The following statement is attributable to Dwayne Bensing, ACLU of Delaware Legal Director:
The new report released by the Disabilities Law Program of Community Legal Aid Society, Inc. (CLASI), shows that Delaware must take steps to end the practice of solitary confinement and ensure all people with mental illness in the state prison system are treated humanely. The report follows several months of experts speaking directly to incarcerated people, reviewing information from the Delaware Department of Correction (DOC), and conducting site visits at Delaware’s prisons to see how people with mental illnesses were treated.
Solitary confinement is a cruel punishment for any person—a form of torture with negative health effects and risks that rise by the day, according to many health experts and human rights’ advocates—but people living with mental illness are at an especially high risk of intense suffering. While the Department of Correction has made progress from when the ACLU of Delaware and CLASI filed litigation nearly ten years ago, people living with mental illness are still being subjected to isolation that is detrimental to their health and wellbeing.

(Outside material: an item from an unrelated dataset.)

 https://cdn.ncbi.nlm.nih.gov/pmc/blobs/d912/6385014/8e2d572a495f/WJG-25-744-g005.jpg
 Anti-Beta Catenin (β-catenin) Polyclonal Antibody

In its report, CLASI pointed to several reforms needed, including:
- Ending “backdoor” methods that hold people in restrictive settings for long periods of time without formally calling it solitary confinement.

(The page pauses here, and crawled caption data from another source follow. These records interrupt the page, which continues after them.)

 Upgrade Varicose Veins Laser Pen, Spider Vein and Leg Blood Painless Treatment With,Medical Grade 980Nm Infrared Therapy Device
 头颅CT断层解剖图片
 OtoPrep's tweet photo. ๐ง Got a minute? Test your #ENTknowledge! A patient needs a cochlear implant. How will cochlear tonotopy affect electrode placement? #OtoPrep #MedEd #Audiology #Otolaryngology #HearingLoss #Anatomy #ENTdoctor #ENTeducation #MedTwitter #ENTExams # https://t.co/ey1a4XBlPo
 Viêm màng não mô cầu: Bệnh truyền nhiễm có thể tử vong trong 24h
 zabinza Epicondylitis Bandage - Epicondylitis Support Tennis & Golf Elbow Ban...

- Increasing availability of mental health and addiction services in all prisons including Residential Treatment Units and step-down services.
- Rejecting outdated and harmful tactics, such as housing people on suicide watch in strict and punitive isolation, engaging K-9 units to assault and terrify those held in solitary units, and utilizing the inhumane practice of “food loafs” in lieu of nutritious meals.
- Increasing transparency by regularly providing documentation to the public so all may understand how incarcerated people are treated and whether DOC is abiding by its legal obligations.
State representative Eric Morrison has pledged to introduce legislation in the next General Assembly to implement these reforms and ban the practice of solitary confinement altogether.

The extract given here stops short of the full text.